+++ Given records +++
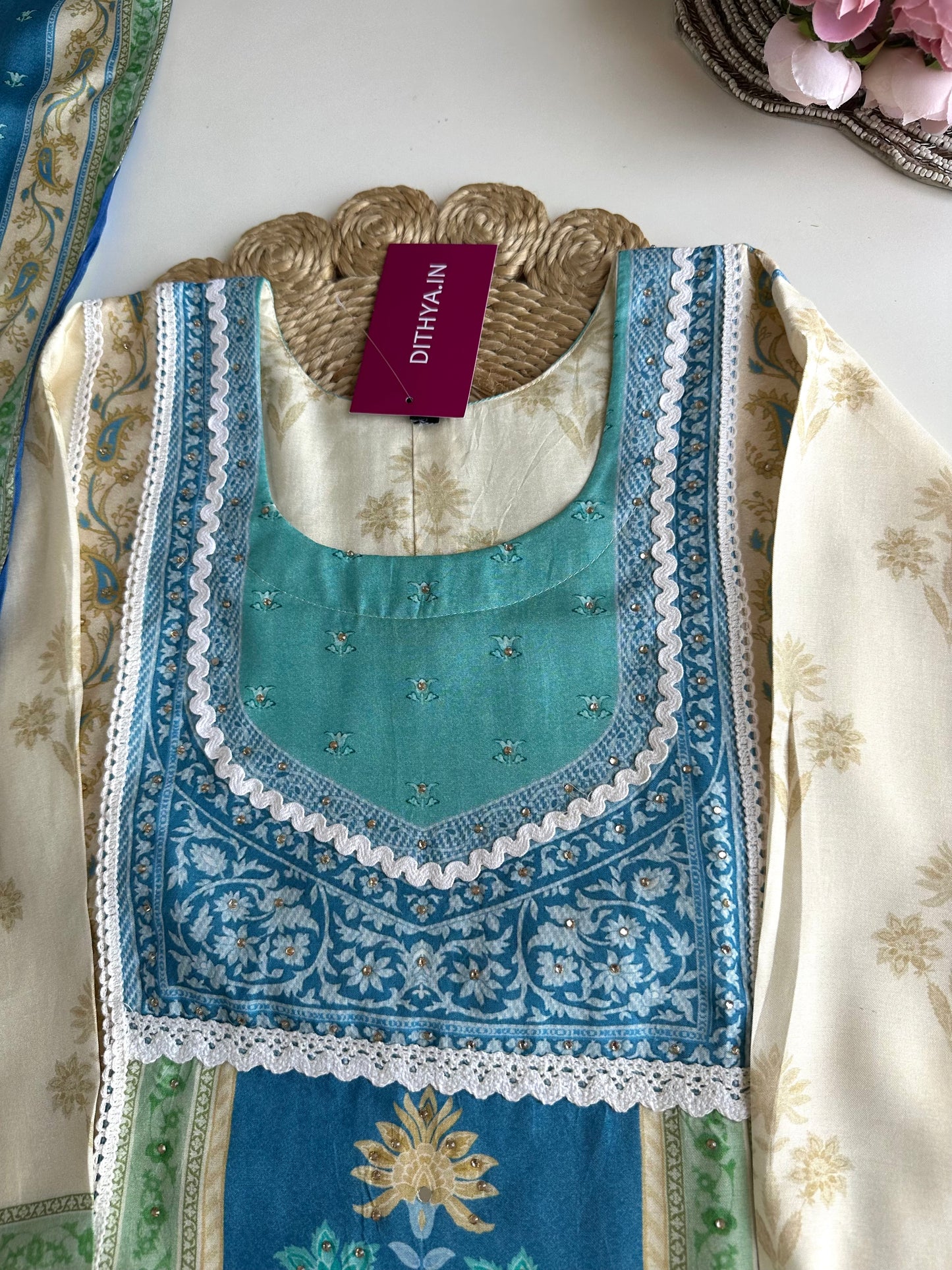 K230 - Pure muslin handwork straight Kurti with pants and dupatta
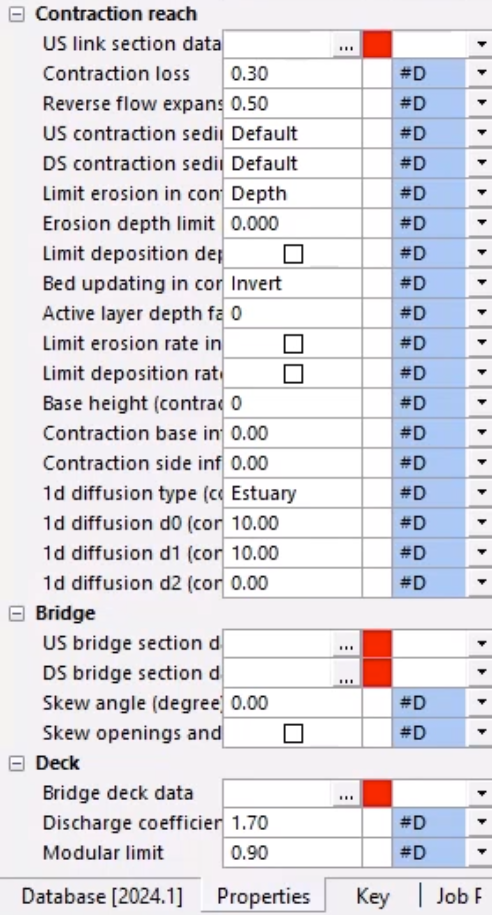 In the Properties window for the new bridge link, inline validation errors appear against all of the empty section data.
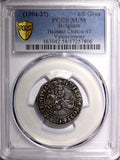 BELGIUM Hainaut  Guillaume I (1304-1337) AR 1/2 Gros PCGS AU58 RARE Chalon-45(6)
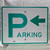Parking Lot to Left with Arrow Vintage Real Used Obsolete Street Traffic Sign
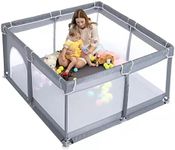 Baby Playpens 127cmX127cm Sturdy Safety Infant Activity Center with Anti-Slip Suckers and Super Soft Breathable Mesh.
+++
## Task instructions
All of the records should be output exactly as they stand, with pictures omitted.

## Final answer
 K230 - Pure muslin handwork straight Kurti with pants and dupatta
 In the Properties window for the new bridge link, inline validation errors appear against all of the empty section data.
 BELGIUM Hainaut  Guillaume I (1304-1337) AR 1/2 Gros PCGS AU58 RARE Chalon-45(6)
Parking Lot to Left with Arrow Vintage Real Used Obsolete Street Traffic Sign
 Baby Playpens 127cmX127cm Sturdy Safety Infant Activity Center with Anti-Slip Suckers and Super Soft Breathable Mesh.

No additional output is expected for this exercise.